Il a rappelé que les établissements de santé bénéficient d'une protection explicite en droit international, et qu'y pénétrer, s'en prendre à quiconque s'y trouve ou prendre toute mesure mettant en danger les patients et le personnel médical constitue une atteinte grave à cette protection.

Le ministère a ajouté que de tels agissements entravent directement la dispensation des soins et privent les patients du droit d'être soignés dans un lieu sûr.
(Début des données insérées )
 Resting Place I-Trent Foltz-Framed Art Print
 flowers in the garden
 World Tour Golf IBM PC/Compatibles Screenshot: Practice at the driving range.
Il a renouvelé son appel à l'intervention de deux organisations nommément citées, le Comité international de la Croix-Rouge et l'Organisation mondiale de la santé, demandant à chacune d'agir dans le cadre de son mandat et de mettre fin à ce qu'il décrit comme des incidents répétés visant les hôpitaux, les structures médicales et les personnels de santé.

Ni les sources locales ni le ministère n'ont précisé combien de personnes ont été agressées, ni si certaines d'entre elles ont eu besoin de soins par la suite.

La réadaptation s'inscrit dans de longs parcours faits de visites répétées plutôt que dans des hospitalisations isolées : le coût d'un épisode de ce type ne se mesure donc pas seulement aux heures qu'il a duré. Il pèse sur le calcul que fait chaque patient avant le rendez-vous suivant, dans un service dont les résultats dépendent du retour des personnes.